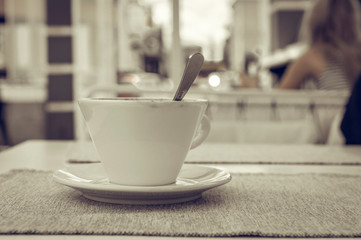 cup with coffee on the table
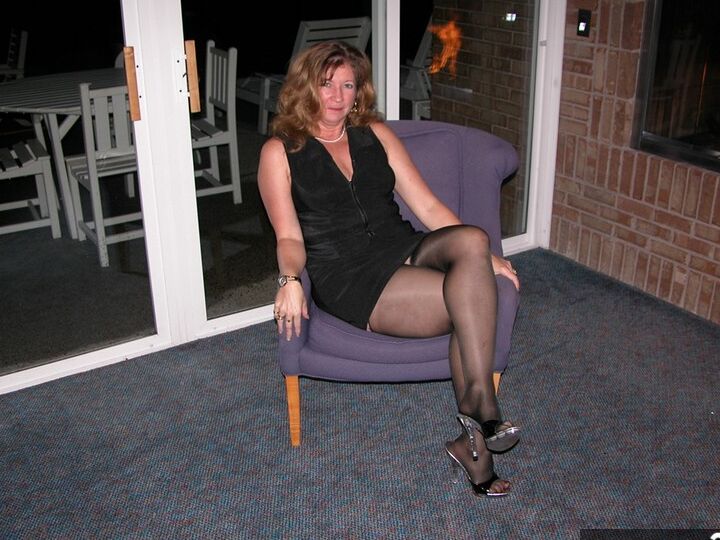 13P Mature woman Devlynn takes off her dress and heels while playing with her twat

.....

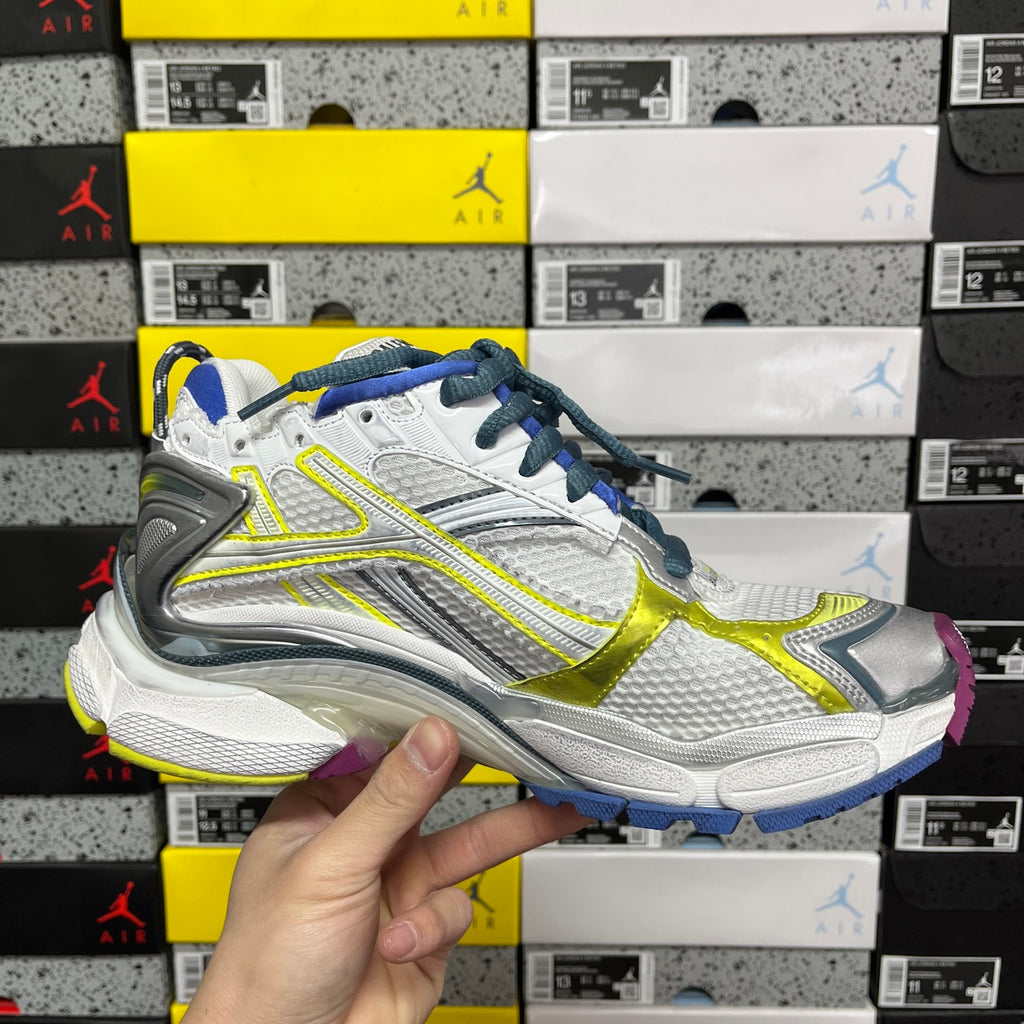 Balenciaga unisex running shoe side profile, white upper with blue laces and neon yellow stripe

.....

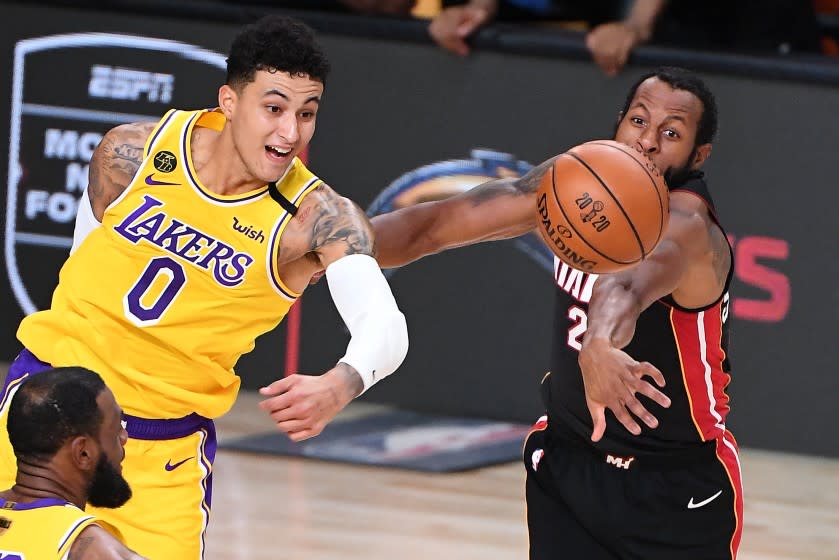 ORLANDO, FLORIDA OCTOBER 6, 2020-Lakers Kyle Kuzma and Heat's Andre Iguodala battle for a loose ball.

.....

Leaving out all pictures, set down exactly the lines of the material above, from the line with "cup with coffee on the table" to the line with "13P Mature woman" inclusive, and no others.

 cup with coffee on the table
 13P Mature woman Devlynn takes off her dress and heels while playing with her twat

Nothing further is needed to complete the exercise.